What it’s like to be a young person with migraine
Migraine is a common condition and many young people have it. Here is Ivy's experience of growing up and becoming an adult with migraine.
Ivy’s experience
“I grew up being ‘the girl with the headaches’. It was something that everyone just knew to be true about me.
“I’d cover my ears when the other children got too loud, I asked to leave rooms if there were bright flashing lights, I avoided chocolate because I knew it was a trigger long before I knew the word itself, I missed lessons, and had days where the pain was too much to even come into school. But I was never diagnosed with migraine.”
Going to school
“I was fortunate enough to have attended a very small school when I was a child, so the teachers were able to deal with my situation in the way I believe it should have been handled. If my head hurt I was allowed to lie down in a quiet room, and if my symptoms didn’t clear then they’d call my mum to pick me up, otherwise I went back to class.
“Nobody ever really questioned my symptoms and I think that was important. They accepted that what I said about how I felt, even at such a young age, was the truth and acted accordingly.
“I’m pretty sure now that it was migraine, but the doctors we saw at the time told me and my family that we had nothing to worry about. And so we didn’t.”
Medical help
“At the beginning of year 11, autumn 2017, I started to realise that my head was hurting more often than usual. I went to the GP, as I had done numerous times throughout my childhood, but on this occasion, after a bit of back and forth, they referred me to a paediatrician.
“And it was in the appointment with the paediatrician that all my symptoms were finally placed together, to form a diagnosis of migraine. Until then, I don’t think I’d ever been asked questions about light and sound sensitivity so I hadn’t ever really considered it all to be connected.
“I was prescribed preventive medication, given a lot of information to read up on, and told to keep a migraine diary. And it was by keeping this diary that I was able to notice when my episodic migraine progressed to chronic.
“The early part of the following year, just after mocks, is when preparation for GCSE exams kicks into the next gear. The stress level rises among students, ‘revision’ is a word you hear multiple times a day, and things that were once just a date in the calendar are starting to feel more real.
“It was during this time that I was spending an increasing number of days off school. I had blood tests, an MRI scan, tried medication after medication. I battled with side effects and symptoms alongside the guilt of not being able to do as much revision as I would have wanted to.
“I found myself in a vicious cycle of migraine and anxiety, one feeding into the other. I could feel when the next attack was about to start, my ears would burn and I’d quickly reach for some tablets.
“The days I spent in school were often cut short, as the gaps between each attack grew closer together. To date, my most recent symptom-free day can be found in April of that year. Since then migraine has been a daily struggle.”
Impact on my life
“My exams went as well as they could have gone for someone who couldn’t revise or concentrate for long periods of time. But I left school in year 12 when I was 16 years old. It had reached a point where it was difficult to balance managing my illness with my education, so I needed to take a break to focus on my health.
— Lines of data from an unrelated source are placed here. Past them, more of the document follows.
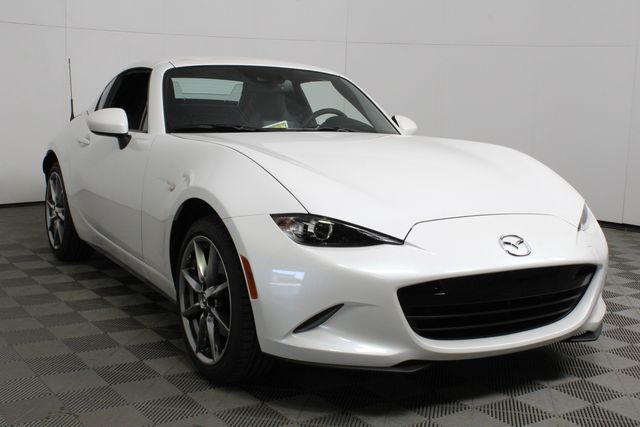 2023 Mazda MX-5 Miata RF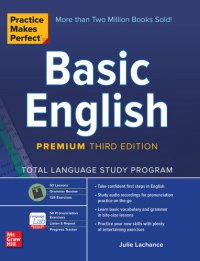 cover of the book Basic English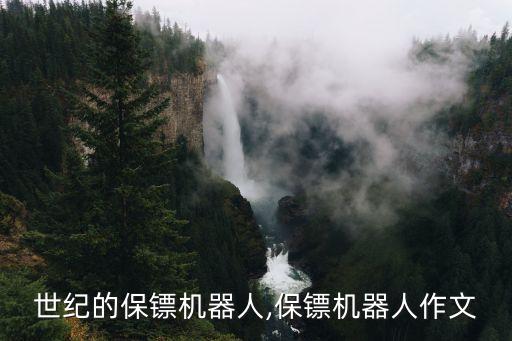 世紀的保鏢機器人,保鏢機器人作文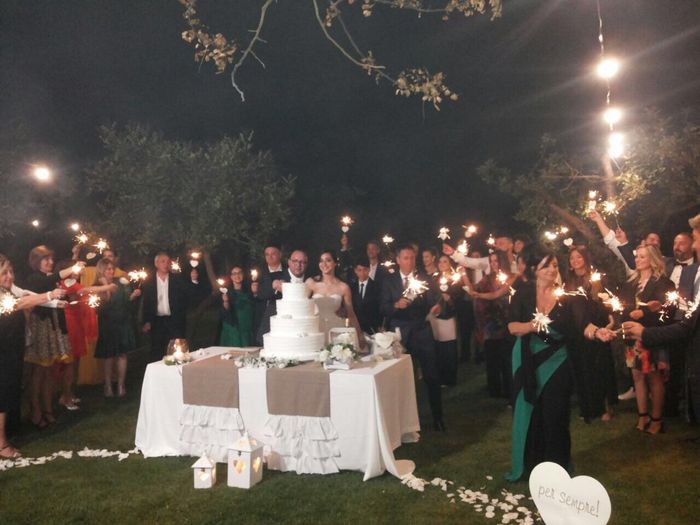 Finalmente sposati - 7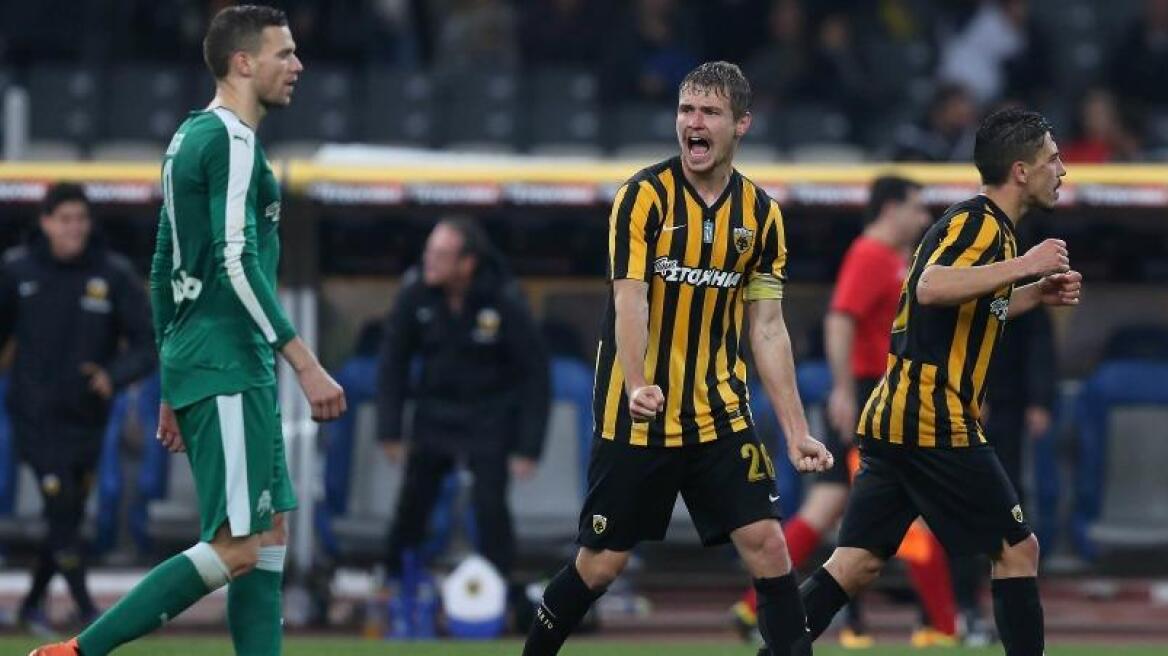 Τα νέα δεδομένα στη βαθμολογία των play-off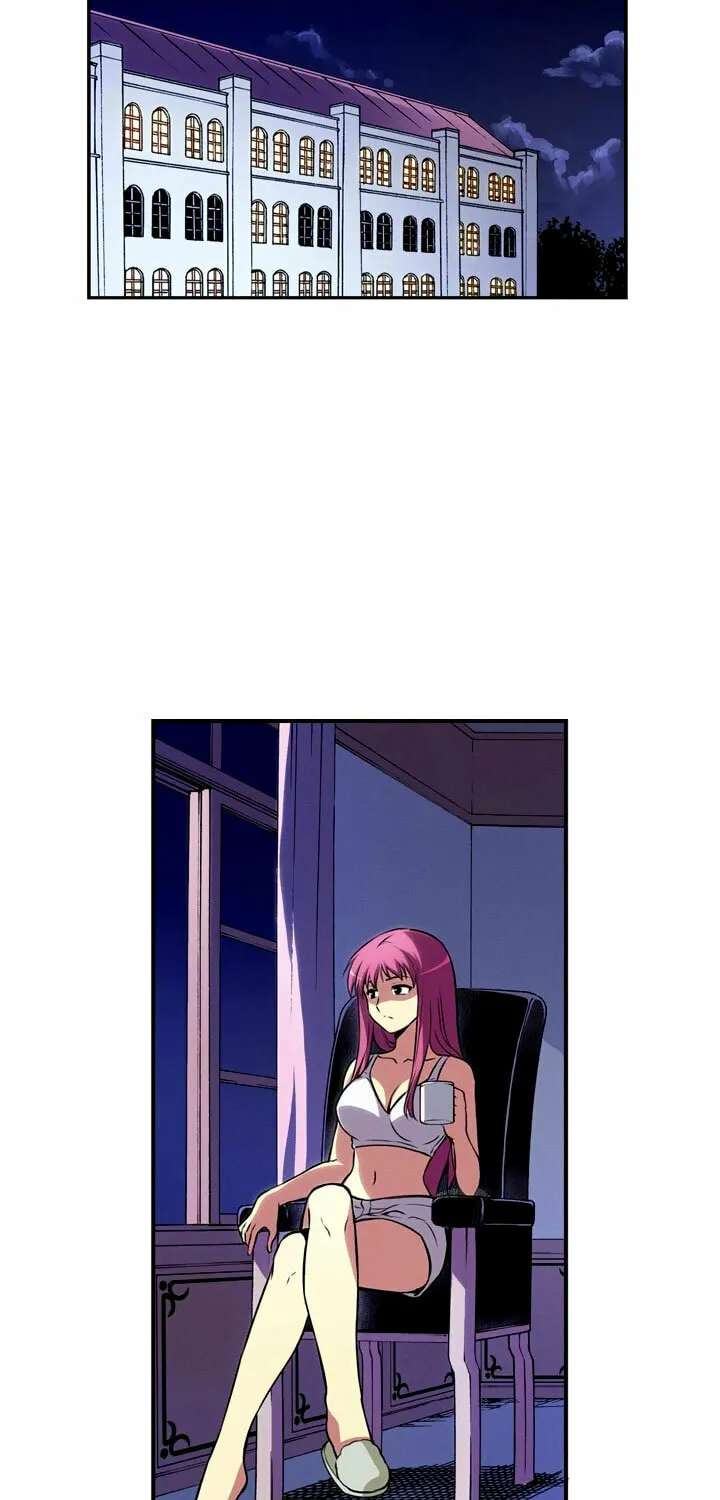 Read Freezing (Colored) chapter 15 image 20 on Lezhin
“By this point, I had made the transition from paediatrics to Adult services and was trying new treatments under a neurologist.
“It was difficult watching my friends move on with their lives while it felt like mine had been brought to a standstill. I experienced a lot of dark emotions and had to navigate the grief of losing the life I once had.
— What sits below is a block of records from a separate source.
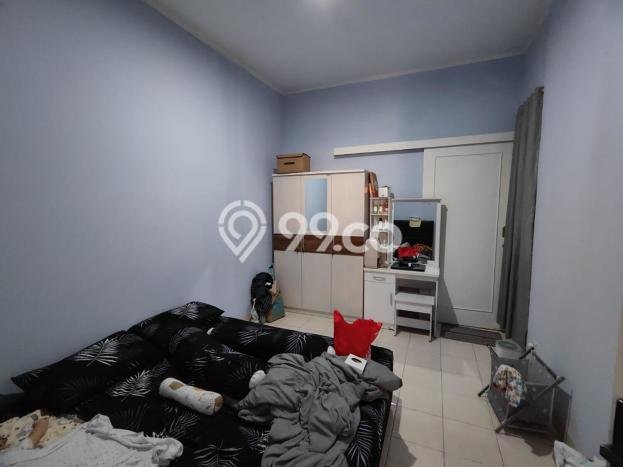 Dijual Rumah Strategis Bagus Punya 4 KT di Panongan Tangerang SHM Dijual Rumah Strategis Bagus Punya 4 KT di Panongan Tangerang SHM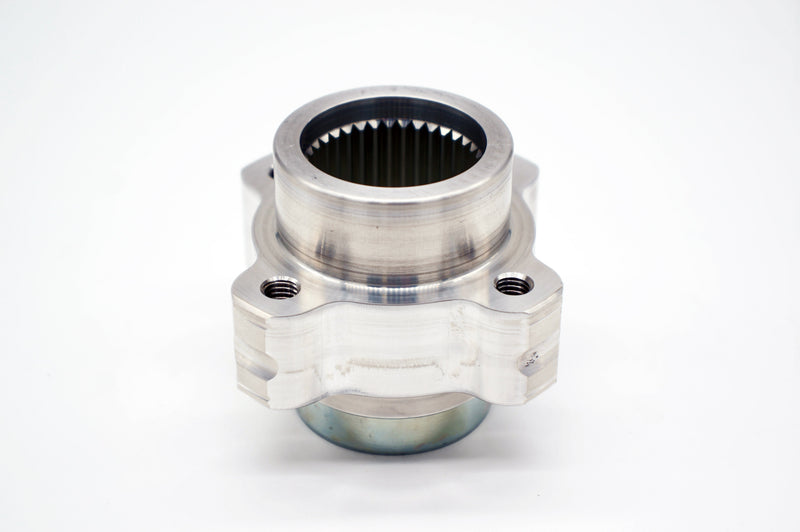 Load image into Gallery viewer, Yamaha YFZ450 Billet Disc Brake Hub 2004-05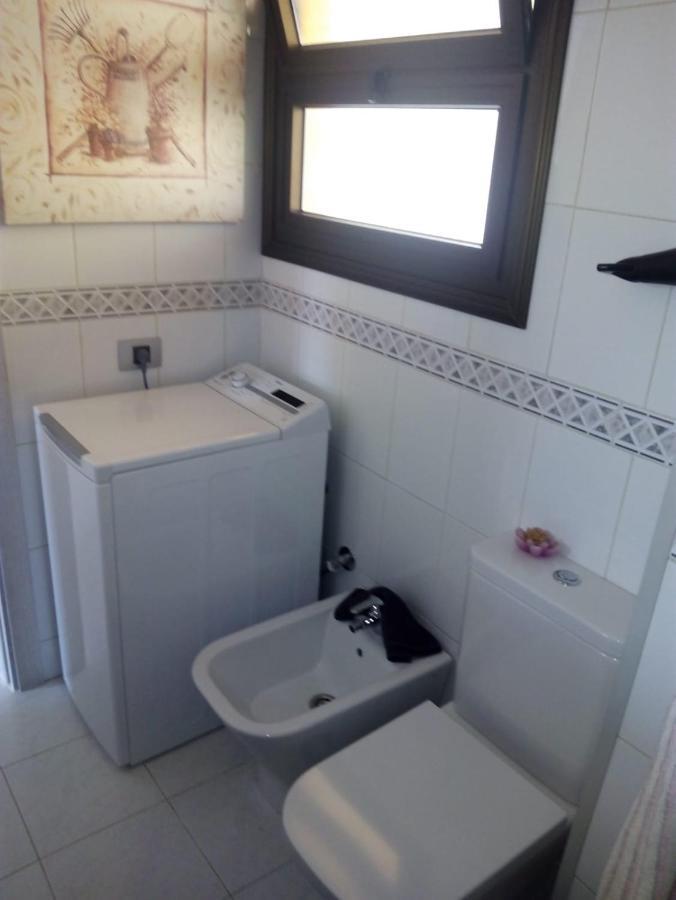 Apartamento Playa De Las Vistas Torres Del Sol C3 308 Арона Екстер'єр фото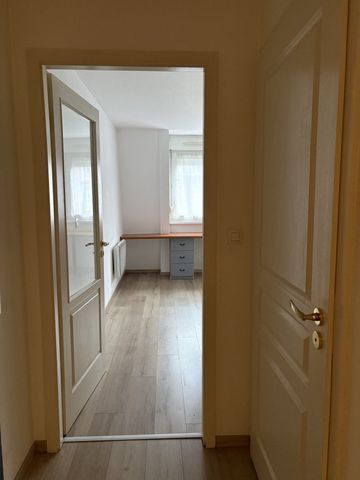 Appartement 1 pièce à Strasbourg - Photo 5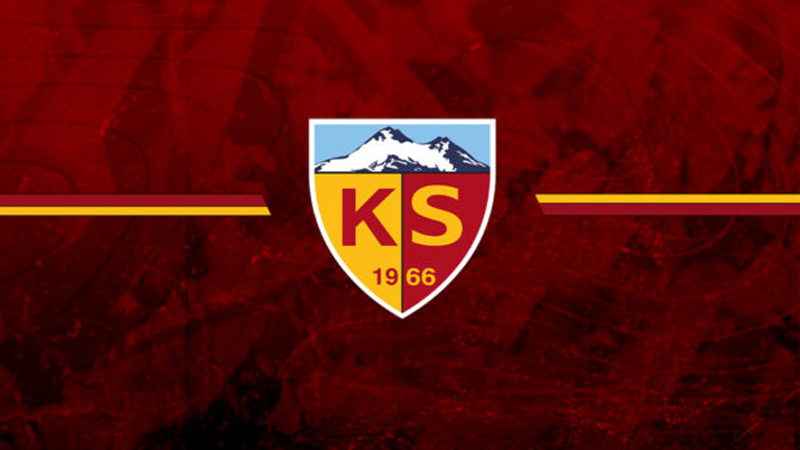 Kayserispor’da kaptanlar belli oldu Kayserispor’da kaptanlar belli oldu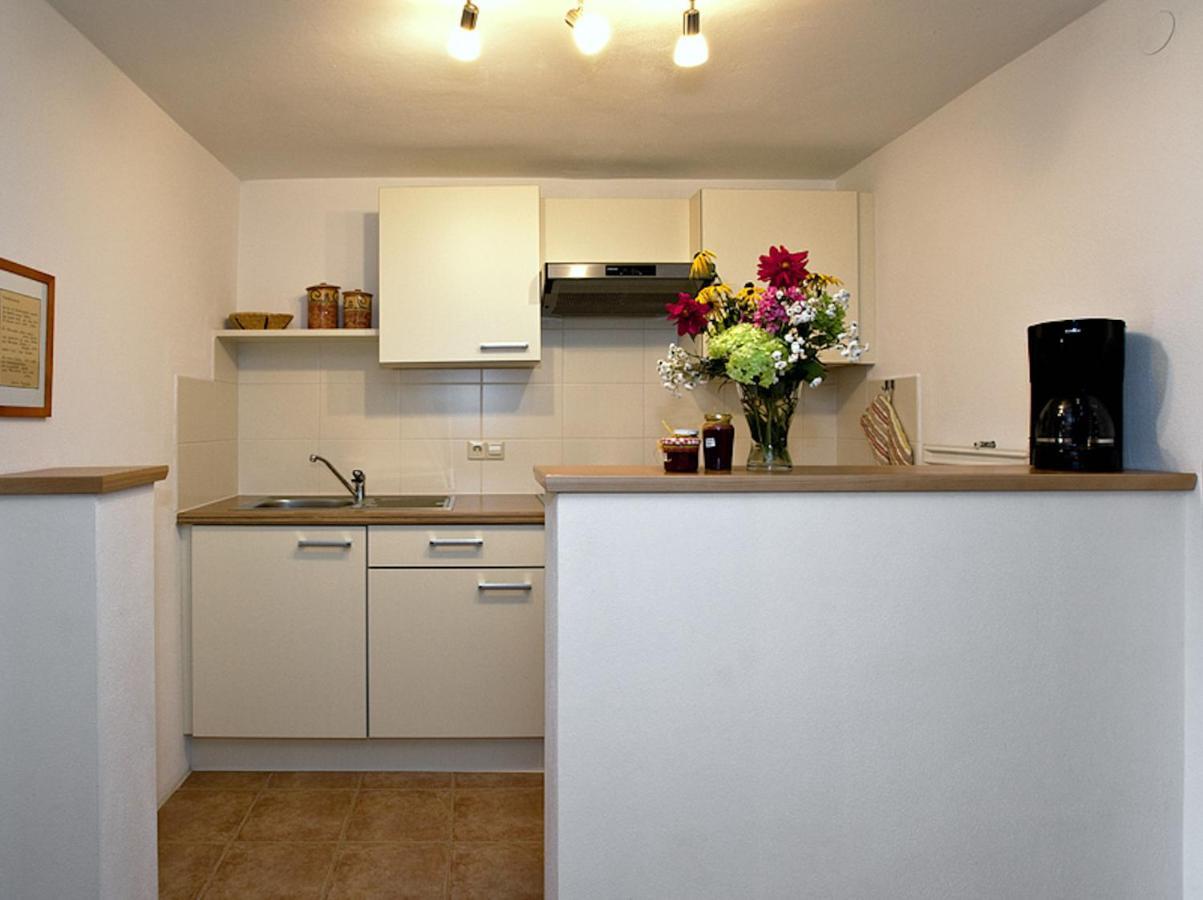 Stachl-Hof - Chiemgau Karte Apartment อินเซลล์ ภายนอก รูปภาพ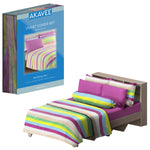 Bedding Set (Double)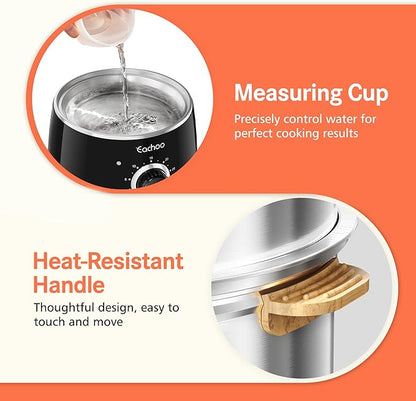 Hard Boiled Egg Cooker - Image 7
“Back then and to some extent still, there was an anger I felt towards the doctors I believed should have spotted the signs sooner. I had been in and out of the GP surgery with the same issue yet it wasn’t until things got worse that I feel like I was taken seriously.
“A part of me thinks that all of this was preventable and that’s been the toughest thing I’ve had to come to terms with.”
Looking forward
“After spending two years getting to know migraine better and how it affects me in my life I returned to education. And I have now come to the end of my time at an online school and in September I will be starting university. I’ll be studying Creative Advertising, a subject I likely wouldn’t have ever heard of had I not taken time out when I did.
“To the best of my knowledge, I’ve done the groundwork to prepare myself for uni. I let them know about my illness, applied for Disabled Students’ Allowance, and so hopefully when I get there things will be smoother from the start.
“My life looks so different from how I ever expected it to but I am excited for the future and looking forward to a day when I can no longer say that I live with chronic migraine.”
An update from Ivy
In my two years at university there have been a lot of lows. I’ve had days where a migraine attack meant having to ask my housemates for help with things like sorting dinner. I’ve walked out of lectures and had to use my extensions due to days lost when I’ve been in pain.
I’m now going into my final year of this degree and I’m glad I took the step to come here. Besides the new people I’ve met and fun experiences I’ve had, moving across the country meant I finally had access to new migraine treatments which have really made the difference.
Though things aren’t perfect all the time, I’m living a life I didn’t think would be possible when I left school at 16. I wish I could tell my younger self, who was afraid of what her future with migraine would look like, just how much she’s been able to achieve.